Last week’s trivia challenge posed this question: What unique campus structure at Loma Linda University Health had its groundbreaking in 1966?
The building is no longer on campus, but its shiny roof can now be seen among the orange groves of Loma Linda at the future site of the Loma Linda Family Community Center, which is an outreach of the Loma Linda Spanish Church.
“It is good to see the old rooftop shining again,” said trivia entrant Lisa Stuck. Another entrant, Nick Frantz, described it as “kind of like a giant golf ball,” while Anuradha Diekmann called it “Loma Linda’s Epcot Center.” In geometric terms, it had a geodesic rooftop, as noted by entrants Delia Sanchez, Robert Meyrahn, Carolyn Marovitch, and Larry Beeson.
The building was the Dale Gentry Gymnasium, which was torn down in 2005–06 to make way for the Centennial Complex. The three random winners correctly naming the building are Valerie Downs, Jim Lewis, and Jennifer Rodriguez. Winners, please email pr@llu.edu to claim your prize, which must be picked up within 60 days.
Opened in 1968, the gymnasium was named after entrepreneur and businessman Dale Gentry, who donated the California Hotel in San Bernardino to Loma Linda University, the sale of which helped make the new gymnasium possible. “He was a poor farm boy who made it rich,” writes Richard Schaefer, historian for Loma Linda University Health.
Built in 1926, the storied California Hotel hosted celebrities and sports teams through the years, among many other guests, according to Schaefer. General George Patton took over the California Hotel as an Army headquarters immediately after the Dec. 7, 1941, bombing of Pearl Harbor.
World War II also deeply affected the College of Medical Evangelists (CME), as Loma Linda University was then called. Among the ways was that the military assumed the right to select students for medical schools. This posed a concern for CME, which wanted to continue training students who aligned with its Christian, mission-oriented approach to healing. What happened next is described in this passage from “The Impossible Dream: Railway to the Moon” by Ken McFarland, which tells the story of Loma Linda University Health’s first 100 years.

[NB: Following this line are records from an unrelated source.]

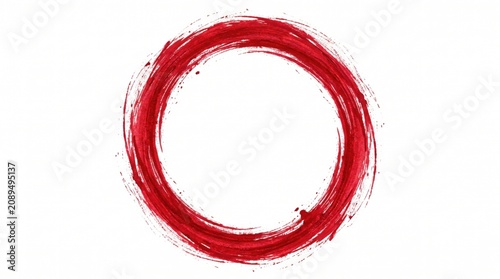 Abstract Red Ink Circle on White Background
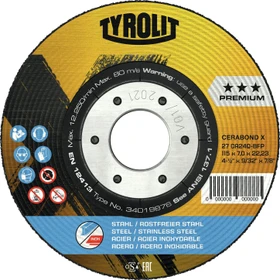 Tyrolit Premium Cerabond X Schleifscheibe, 115x7x22.23mm, 5 Stück
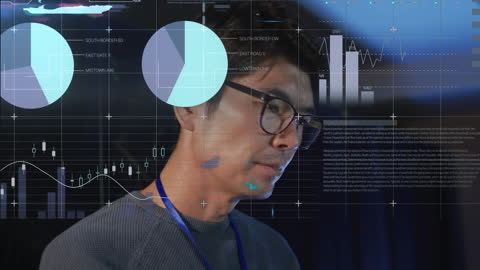 Businessman Analyzing Digital Infographics for Financial Insights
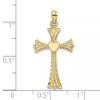 Unbranded 10K Yellow Gold Polished and Engraved Cross W/ Heart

This week’s trivia challenge is to fill in the name and title of the man sent to Washington, DC, to solve this problem for CME.
“Faced with this complication, the CME Board of Trustees sent ____________________ to Washington, D.C. And evidence seems convincing that divine providence had already anticipated this emergency and had been preparing the way to meet it. In Washington, ____________________’s first stop was to visit with one of his own CME classmates – Walter S. Jensen, MD (class of 1924), who now served as a colonel in the U.S. Air Corps. Dr. Jensen could readily understand CME’s plight, but he did not have the authority to mold military policies relating to medical schools. Nonetheless, he could open doors for ____________________, and arranged for [him] to see Colonel F.M. Fitz in the Surgeon General’s office. Colonel Fitz was very receptive to ____________________’s appeal and said, “I will refer you to Colonel White, who is in charge of drafting plans for assignments to medical schools." At last, ____________________had reached the man who did have the authority to get things done on CME’s behalf.
What happened next, some might see as simple coincidence. Those familiar with the repeated evidence of divine involvement through the years in time of crisis at Loma Linda would see it as yet another such providential intervention.
As ____________________ presented CME’s dilemma to Colonel White, a solider entered his office, saluted, and delivered a sealed envelope to the colonel. Colonel White returned the soldier’s salute, accepted the envelope, and dismissed the courier. Momentarily, he interrupted his conversation with ____________________ to open the envelope, and discovered to his surprise and delight that he had just been promoted to the rank of brigadier general.
____________________ remained convinced after that meeting that the now General White’s elation at that moment spilled over into the matter under discussion and prompted from him a spontaneous promise: “I will keep you folks in mind.” And that, he did. CME would become the only school of medicine in America allowed to choose its own students, starting with Seventh-day Adventists about to be assigned to other schools.